Pathologies such as human cancer result largely from the inappropriate silencing or activation of genes. It is well established that gene expression can be partly controlled by modulating the access of the transcriptional machinery to target genes through chemical modifications of DNA sequences or histones, the proteins that package DNA. These modifications are mediated by cellular enzymes, including DNA methyltransferases, histone acetyl transferases (HATs), histone deacetylases (HDACs), histone methyltransferases (HMTs), histone demethylases, and histone kinases. Epigenetic enzymes function during development, helping orchestrate complex transcriptional programs that control differentiation pathways. During adult life, these enzymes continue to influence transcription by maintaining tissue-specific epigenetic and transcriptional patterns as well as by acting as coregulators for transcription factors. In many cancers, the regulation of transcriptional processes is altered partly because of the abnormal expression and/or function of epigenetic enzymes resulting in the silencing of tumor suppressor genes or in equivalent events that lead to unchecked cellular growth [1
]. Indeed, it has been estimated that epigenetic changes are at least ten to forty times more frequent in cancers than genetic mutations [1
]. Furthermore, specific mutations in HATs and HMTs have been found in relation to the cancer phenotype, suggesting them as potential targets for therapy [4
]. Thus, effective treatment of cancer will, at least in part, necessitate the chemical targeting of the cancer epigenome.
Over the last two decades, drugs have been identified that modulate the pathways mediated by a subset of epigenetic enzymes. Because cancer cells often have abnormally silenced tumor suppressor genes or overexpressed oncogenes, mediated by epigenetic pathways, these drugs have been studied in preclinical contexts. Of the known compounds, however, only a few have shown success in clinical settings, with toxicities observed for most other compounds due to their global, unspecific effects on cell function [5
]. This has led to new drug discovery and drug development efforts at industrial and academic laboratories over the last few years. These programs have used cell-based, in vitro
, in silico
, or yeast systems to identify novel drugs or have developed second-generation compounds structurally related to already known inhibitors [10
Altogether, more recent studies have yielded several new compounds that target epigenetic enzymes, primarily histone deacetylase family members and enzymes that modulate methylation [15
]. Some of these compounds offer limited benefit over existing drugs, since they are structurally closely related to known inhibitors of epigenetic enzymes, are unspecific, or lack substantial in vivo
activity, due at least in part to limitations in drug screen design. To date, there are only a few epigenetic drugs approved by the FDA, including: 5-azacytidine and its deoxy derivative decitabine, both DNA methyltransferase inhibitors used for the treatment of myelodysplastic syndromes, vorinostat, and recently romidepsin, HDAC inhibitors used for the treatment of cutaneous T cell lymphoma [23
]. There is, therefore, a persistent need to increase the number and diversity of available anticancer epigenetic modulators and to develop innovative, improved approaches for drug discovery.

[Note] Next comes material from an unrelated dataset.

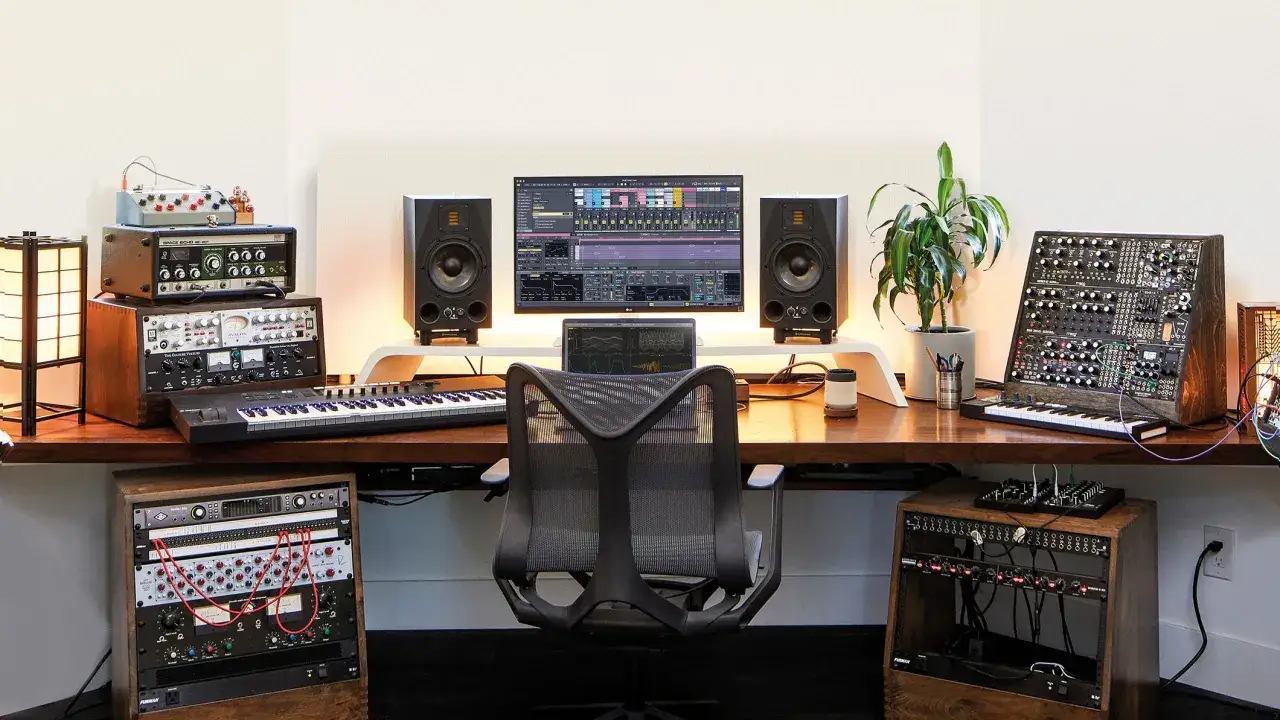 Profesjonalne studio muzyczne z syntezatorami, klawiaturą i komputerem. Idealne miejsce, by dowiedzieć się, jak napisać piosenkę krok po kroku.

Because screens that use in vitro
or in silico
approaches may lead to hits that prove to be toxic, insoluble, or inefficient when taken to the in vivo
setting, using systems in which drugs are directly tested in cells, as was done for some of the original HDAC inhibitors [10
], can save time and effort on followup studies of drugs that are only effective in vitro
or would require substantial chemical optimization. Here, we report the characterization and use of a cell-based assay in which a locus containing an easily quantifiable marker, green fluorescent protein (GFP), is epigenetically silenced, and derepressed chemically by known epigenetic modulators targeting both histone acetylation and DNA methylation. We have now successfully used this system, the Locus Derepression assay (LDR) [27
], to screen the NCI's structural diversity library to identify novel compounds with epigenetic activity. Four confirmed hits from the screen were further investigated for their anticancer properties and their ability to inhibit histone deactylases. We found that two of our hits potently blocked the viability of both lung cancer and melanoma cells and that one of them caused cancer cells to accumulate in the G2/M phase, preventing cell cycle progression. A third hit inhibited deacetylase activity in vitro
and in cells, but on its own had little toxicity, while a fourth compound selectively inhibited the viability of melanoma cells compared to lung cancer cells.